**Input data:**
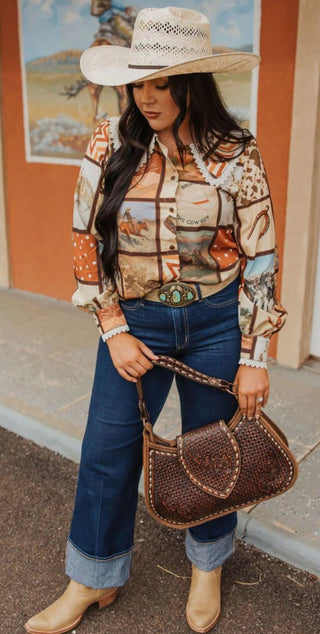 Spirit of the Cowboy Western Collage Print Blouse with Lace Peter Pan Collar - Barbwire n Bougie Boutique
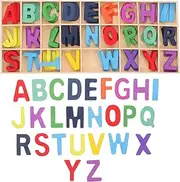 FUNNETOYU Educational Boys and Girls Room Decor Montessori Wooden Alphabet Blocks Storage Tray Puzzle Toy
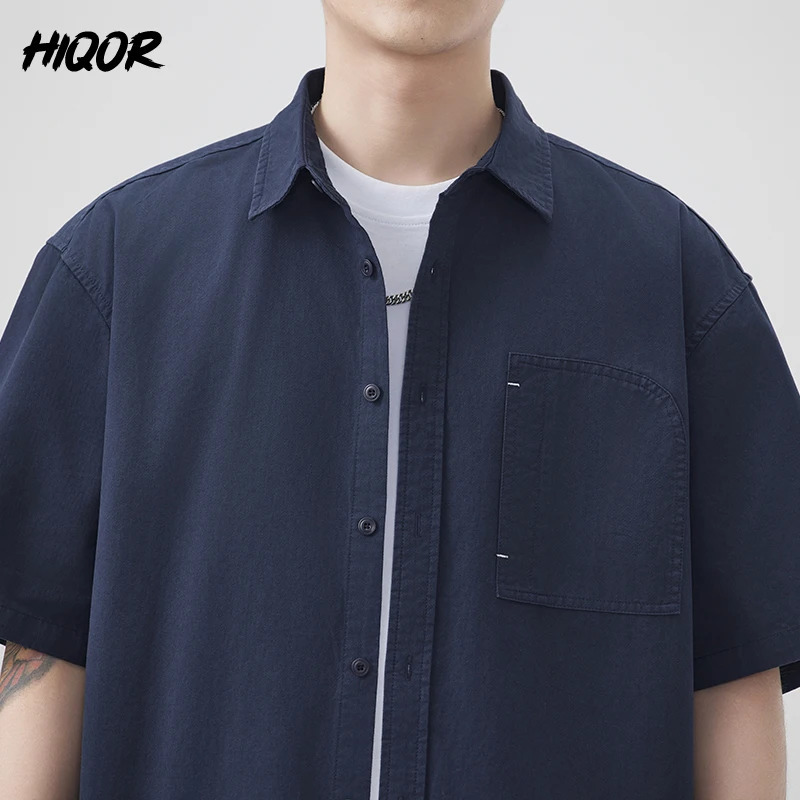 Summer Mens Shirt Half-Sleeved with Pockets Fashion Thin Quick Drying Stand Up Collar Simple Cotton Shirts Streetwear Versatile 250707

**Exercise aim:** A verbatim copy of the listing is required, with all pictures left out.

**Completed exercise:**
 Spirit of the Cowboy Western Collage Print Blouse with Lace Peter Pan Collar - Barbwire n Bougie Boutique
 FUNNETOYU Educational Boys and Girls Room Decor Montessori Wooden Alphabet Blocks Storage Tray Puzzle Toy
 Summer Mens Shirt Half-Sleeved with Pockets Fashion Thin Quick Drying Stand Up Collar Simple Cotton Shirts Streetwear Versatile 250707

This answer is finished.